By James Tabafunda
Northwest Asian Weekly
Raldi Formantes fights poverty.
He designs highly imaginative and habitable places around the world, some reflect hope to the world’s poorest people and those seeking a more prosperous future.
Formantes, 53, of Redmond, likes the Benjamin Franklin saying, “If you fail to plan, you are planning to fail” as a guiding truth.
A design principal at Seattle-based Callison, he was one of five ARCADIS professionals chosen to donate their expertise to a humanitarian mission to the Philippines called Shelter. ARCADIS is Callison’s parent company and a leading global natural and built asset design and consultancy firm.
Formantes said about his selection two months ago, “I was excited because I realized that I would professionally be able to actually have an impact and give back to a more meaningful cause. And as architects, our work is basically building better environments so poverty is a natural target and focus for us to help.”

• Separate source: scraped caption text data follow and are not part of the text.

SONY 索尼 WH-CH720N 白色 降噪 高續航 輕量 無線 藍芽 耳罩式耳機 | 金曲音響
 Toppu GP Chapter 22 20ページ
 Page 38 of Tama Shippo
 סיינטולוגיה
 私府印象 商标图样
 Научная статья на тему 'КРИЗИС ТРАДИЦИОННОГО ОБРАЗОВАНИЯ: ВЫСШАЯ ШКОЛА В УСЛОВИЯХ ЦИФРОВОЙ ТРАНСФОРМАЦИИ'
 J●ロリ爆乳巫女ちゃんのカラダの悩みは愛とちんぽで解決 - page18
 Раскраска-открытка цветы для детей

Shelter is a partnership between ARCADIS and UN-Habitat, the United Nations Program for Human Settlements.
The ARCADIS team was made up of experts from the Philippines, Chile, Netherlands, Australia, and the U.S.
Its task was to help develop Iloilo, Silay, and Cagayan de Oro into more sustainable cities. Each member, he says, brought “much needed input to local leaders with the hope of bringing a huge positive impact on their growth plans.”
At its first stop, Josh Pauw, Formantes’ teammate from Hyder Consulting in Melbourne, Australia, blogged that Formantes presented urban design options “that will work for Iloilo City and its people.”
In Silay, Formantes recalls a five-minute break during the three-day workshop in which local government officials provided snacks and, to his surprise, a performance by a group of young musicians. He said, “You might call it a gift because they knew we’re also there to give them something so it was a very beautiful exchange.”
Bert Smolders, Shelter program manager and the sixth team member, said about Formantes, “Having lived in the U.S. for years but born and raised in the Philippines, he combined knowledge and understanding of two cultures and languages.”
“This made him the perfect team member for the Shelter team to the Philippines for the UN-Habitat ASUS (Achieving Sustainable Urban Development) mission in March (14-26) 2015.”
Born in Manila, Philippines in 1962, Formantes grew up inspired by the paintings of an elderly artist who was a neighbor.
“Growing up in the Philippines, you see a lot of poverty. You always dream about beautifying places, wonderful, much better places you want to see. So I think that’s how my interest in architecture came about,” he said.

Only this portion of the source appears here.